Friday, February 8, 2013

February 8, 1863

February 8, 1863

---In responding to the speech by Clement Vallandigham, a Democrat Congressman from Ohio in the U.S. House, the Richmond Daily Dispatch publishes an editorial wherein they applaud Vallandigham’s distaste for the war and the North’s folly in pursuing it, but chides him for making the "great mistake of supposing this to be a civil war. It is not a civil war.
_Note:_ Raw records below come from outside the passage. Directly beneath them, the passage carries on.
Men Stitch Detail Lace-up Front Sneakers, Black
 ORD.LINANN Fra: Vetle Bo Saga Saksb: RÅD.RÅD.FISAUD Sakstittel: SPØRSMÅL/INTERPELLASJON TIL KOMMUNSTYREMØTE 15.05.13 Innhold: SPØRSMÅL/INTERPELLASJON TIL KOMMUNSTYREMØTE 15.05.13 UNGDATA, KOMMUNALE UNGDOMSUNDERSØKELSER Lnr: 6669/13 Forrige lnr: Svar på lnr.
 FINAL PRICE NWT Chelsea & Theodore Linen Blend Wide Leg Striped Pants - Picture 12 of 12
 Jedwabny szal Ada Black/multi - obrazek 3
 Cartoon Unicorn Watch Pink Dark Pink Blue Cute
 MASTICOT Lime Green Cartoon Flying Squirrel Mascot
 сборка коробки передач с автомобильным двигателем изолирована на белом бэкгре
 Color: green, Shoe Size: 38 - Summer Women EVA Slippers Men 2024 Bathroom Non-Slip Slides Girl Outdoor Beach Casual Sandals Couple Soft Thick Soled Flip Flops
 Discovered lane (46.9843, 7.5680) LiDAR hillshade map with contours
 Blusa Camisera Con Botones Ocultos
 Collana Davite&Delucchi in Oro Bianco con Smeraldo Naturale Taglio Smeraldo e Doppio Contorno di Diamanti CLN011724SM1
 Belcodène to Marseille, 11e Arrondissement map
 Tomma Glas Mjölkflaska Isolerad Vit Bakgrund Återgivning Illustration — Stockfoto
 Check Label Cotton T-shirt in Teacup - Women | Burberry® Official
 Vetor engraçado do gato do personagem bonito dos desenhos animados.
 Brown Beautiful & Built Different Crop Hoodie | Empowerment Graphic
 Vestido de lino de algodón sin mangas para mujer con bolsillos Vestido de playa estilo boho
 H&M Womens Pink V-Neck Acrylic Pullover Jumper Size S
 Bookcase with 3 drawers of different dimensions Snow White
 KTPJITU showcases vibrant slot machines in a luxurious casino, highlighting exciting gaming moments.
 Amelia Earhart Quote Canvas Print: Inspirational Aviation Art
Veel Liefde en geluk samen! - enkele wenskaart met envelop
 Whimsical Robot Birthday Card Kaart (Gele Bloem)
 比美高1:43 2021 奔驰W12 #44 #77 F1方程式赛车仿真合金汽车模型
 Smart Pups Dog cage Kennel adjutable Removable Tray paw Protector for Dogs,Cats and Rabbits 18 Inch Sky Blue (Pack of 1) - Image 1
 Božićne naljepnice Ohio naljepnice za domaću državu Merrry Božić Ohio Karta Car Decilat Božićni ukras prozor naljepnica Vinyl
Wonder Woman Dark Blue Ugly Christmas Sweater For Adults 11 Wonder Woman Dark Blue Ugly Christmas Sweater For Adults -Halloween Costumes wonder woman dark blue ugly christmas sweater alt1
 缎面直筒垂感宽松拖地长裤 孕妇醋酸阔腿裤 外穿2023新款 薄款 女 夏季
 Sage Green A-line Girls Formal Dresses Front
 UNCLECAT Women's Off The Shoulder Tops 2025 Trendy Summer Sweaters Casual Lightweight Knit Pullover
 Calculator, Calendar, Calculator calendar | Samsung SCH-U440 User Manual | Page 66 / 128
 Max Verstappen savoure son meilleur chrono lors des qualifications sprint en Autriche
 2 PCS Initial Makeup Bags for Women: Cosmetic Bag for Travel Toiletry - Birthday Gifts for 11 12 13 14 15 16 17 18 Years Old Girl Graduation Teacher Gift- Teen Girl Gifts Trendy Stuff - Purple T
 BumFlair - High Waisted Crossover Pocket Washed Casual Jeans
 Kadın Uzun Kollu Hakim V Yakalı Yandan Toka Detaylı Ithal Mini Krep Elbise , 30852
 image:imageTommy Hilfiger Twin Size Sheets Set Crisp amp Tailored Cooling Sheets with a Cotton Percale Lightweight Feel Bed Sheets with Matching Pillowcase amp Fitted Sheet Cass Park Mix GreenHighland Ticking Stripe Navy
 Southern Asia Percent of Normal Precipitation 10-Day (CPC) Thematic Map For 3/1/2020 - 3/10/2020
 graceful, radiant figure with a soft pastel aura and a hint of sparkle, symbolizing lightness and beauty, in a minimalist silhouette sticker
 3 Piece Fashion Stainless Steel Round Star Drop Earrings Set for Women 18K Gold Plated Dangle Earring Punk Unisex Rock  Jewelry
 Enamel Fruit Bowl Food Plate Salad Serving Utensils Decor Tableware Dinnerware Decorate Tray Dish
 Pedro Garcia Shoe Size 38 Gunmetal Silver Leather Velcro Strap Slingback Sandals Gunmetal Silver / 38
It is a sectional war." The editors then denounce the idea that this great territory could ever be occupied by one unified country in peace (for instance, much like the U.S. is today):
The lines of demarcation arise from the character of the people. If they are hostile to each other they do not want waters or mountains to separate them. If they are not, waters and mountains can not keep them asunder. The idea that this whole continent is to be occupied by one nation is simply preposterous. In five thousand years the world has never seen such a thing as 200,000,000 of people speaking the same language and enjoying free institutions, all under the same Government. It is a dream of Utopian folly to suppose that it ever can exist. The separation has begun, and it will continue. America, like the Old World, is to be settled by many nations. Such is its destiny.
Rep. Clement Vallandigham, (D-Ohio)

—James Kendall Hosmer, a Union soldier, writes in his journal about a scourge of diseases passing throught the army camps. It is significant to note that twice as many soldiers died of disease as by battle:
I saw three bodies lying together on the roof of the veranda of the building, overlooking the street. . . . The chaplain was sick the day of the funeral: so I conducted the service for these two at one time, after dark, under the moon. We were forced to bury them hurriedly, for it was late; and I fear with less of a feeling of solemnity than we once had at such occasions. I believe it is true, that the edge of sensibility grows dull through use, even in the case of these sad experiences. Funerals have been so frequent of late, sometimes three or four a day, that they lose their impressiveness in part. Pray Heaven the sickness is spending itself! There are signs that it is so. It has raged, for the most part, among the youths under twenty, whose immature fibre appears to afford more congenial harbor for the pestilence than the frames of the older men. Almost all the deaths have been among the boys. The death-list is really not as large as is often the case in camps.